## TASK TO COMPLETE
The expected result is an exact copy of the lines from the one holding "Alsace, France, Europe" to the last line of the material, with pictures removed and nothing added.

## RECORD EXCERPTS
--------------------

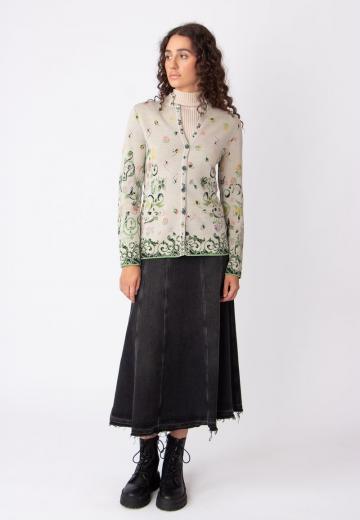 Жаккардовая вязаная кофта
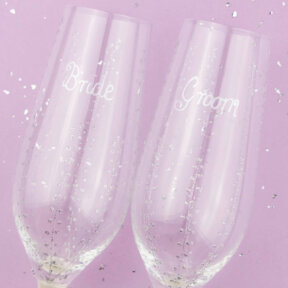 Sparkling Bubbles Bride and Groom Champagne Flutes  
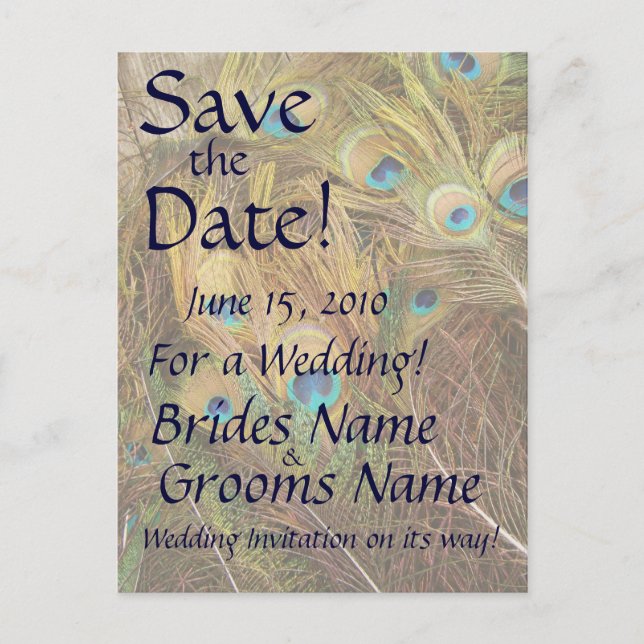 Save the Date Pfauenpostkarte Ankündigungspostkarte (Vorderseite)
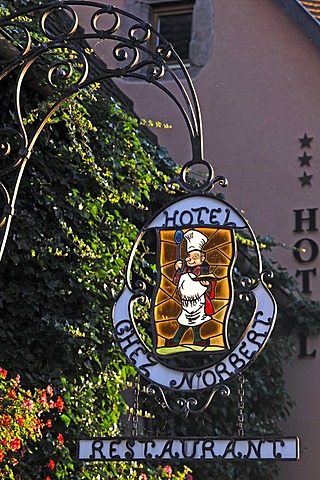 Hotel sign "Chez Norbert", Bergheim, Alsace, France, Europe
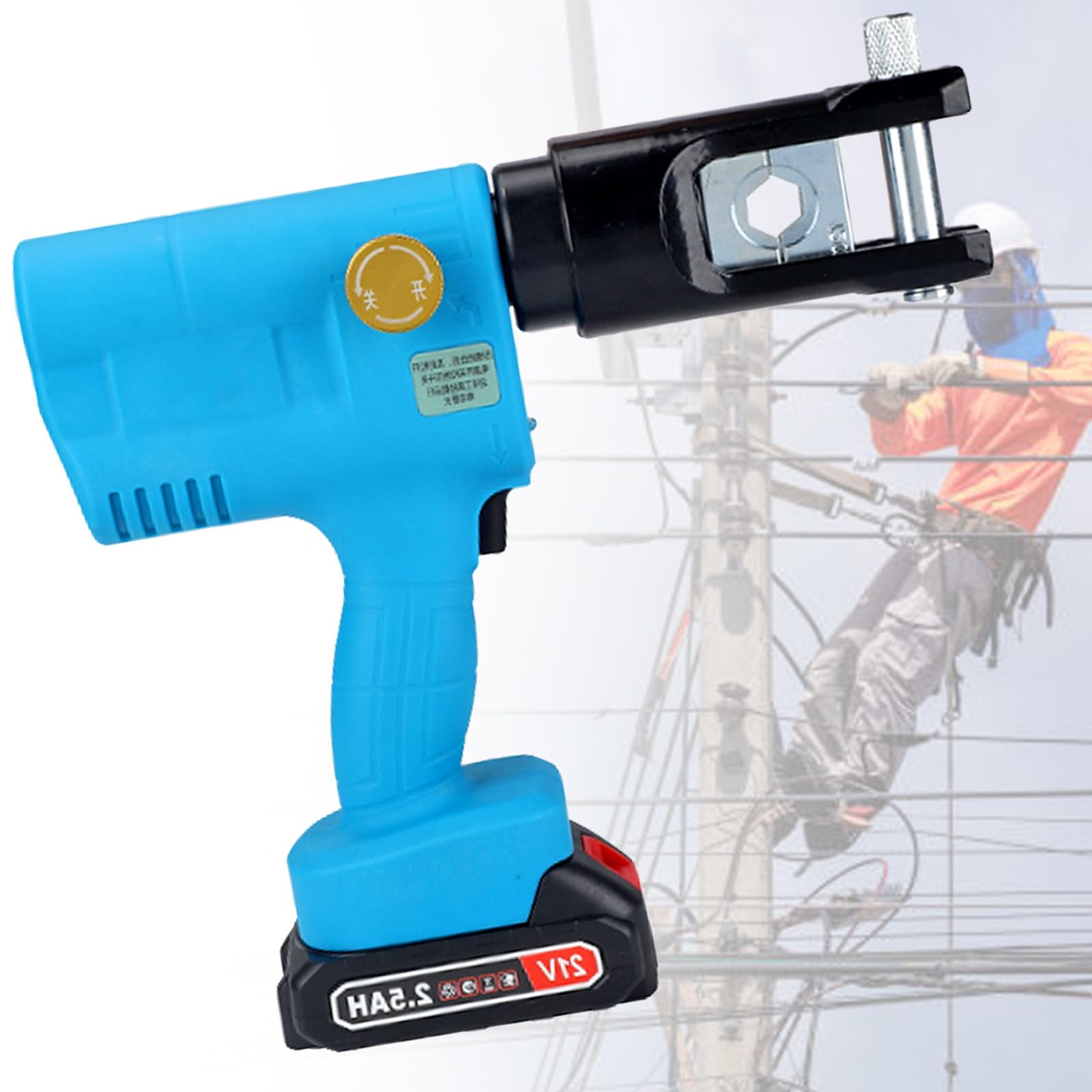 AYCDL Portable Hydraulic Crimper Kit with 2 Battery, Cordless Electric Crimping Tool, for Copper Aluminum Terminals, Professional Wiring Equipment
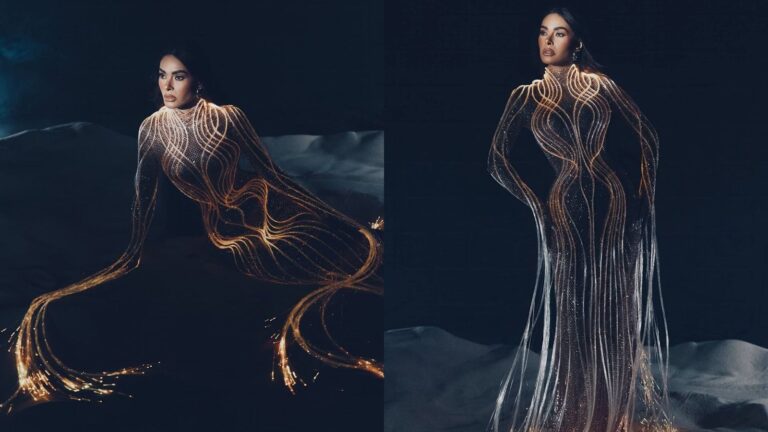Galilea Montijo con vestido de microcristales y filamentos LED en el estreno de La Casa de los Famosos México 2026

--------------------

## TASK SOLUTION
 Hotel sign "Chez Norbert", Bergheim, Alsace, France, Europe
 AYCDL Portable Hydraulic Crimper Kit with 2 Battery, Cordless Electric Crimping Tool, for Copper Aluminum Terminals, Professional Wiring Equipment
Galilea Montijo con vestido de microcristales y filamentos LED en el estreno de La Casa de los Famosos México 2026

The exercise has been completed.